As a general remark, it shall be considered that, except for certain urgent and delicate subject matters (e.g., fundamental human rights, or cases where a postponement could cause serious prejudice to the parties), the hearings relating to civil proceedings and the time-limits for the filing of briefs in the context of such proceedings were ex lege suspended until 11 May 2020 by application of Article 83 of the Cura Italia Decree (as amended by Law Decree no. 23/2020, the so-called Liquidità Decree).
In addition, Article 103, paragraph 6, of the Cura Italia Decree provides that the enforcement of decisions for the eviction from properties is suspended until 1 September 2020.

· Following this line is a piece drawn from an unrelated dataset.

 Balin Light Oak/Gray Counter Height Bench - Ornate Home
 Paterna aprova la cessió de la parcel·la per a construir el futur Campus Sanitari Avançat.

Having said that, in addition to any specific remedy provided for by the relevant lease agreement, the Italian civil procedure code (Articles 657-669) sets forth the general rules of the summary procedure by which the landlord may obtain a judicial title to vacate the (previously leased) property (the “Eviction Title Proceedings”):
- upon the expiration, or future expiration, of the lease agreement; or
- upon a payment delay of the rent (or of the ancillary expenses (oneri accessori) arising from the lease agreement), provided that such delay is of at least 20 days.
Upon the occurrence of one of the above events of default, the landlord is entitled to send to the tenant an eviction notice (intimazione di licenza o di sfratto), in the form of a writ of summons, including, among other things: (i) a proposed date of the hearing, and (ii) only if the Eviction Title Proceeding is based on a payment delay, a possible request to the court to issue a payment order (decreto ingiuntivo) concerning the rents due until the eviction notice and the rents accruing until the definition of the Eviction Title Proceeding.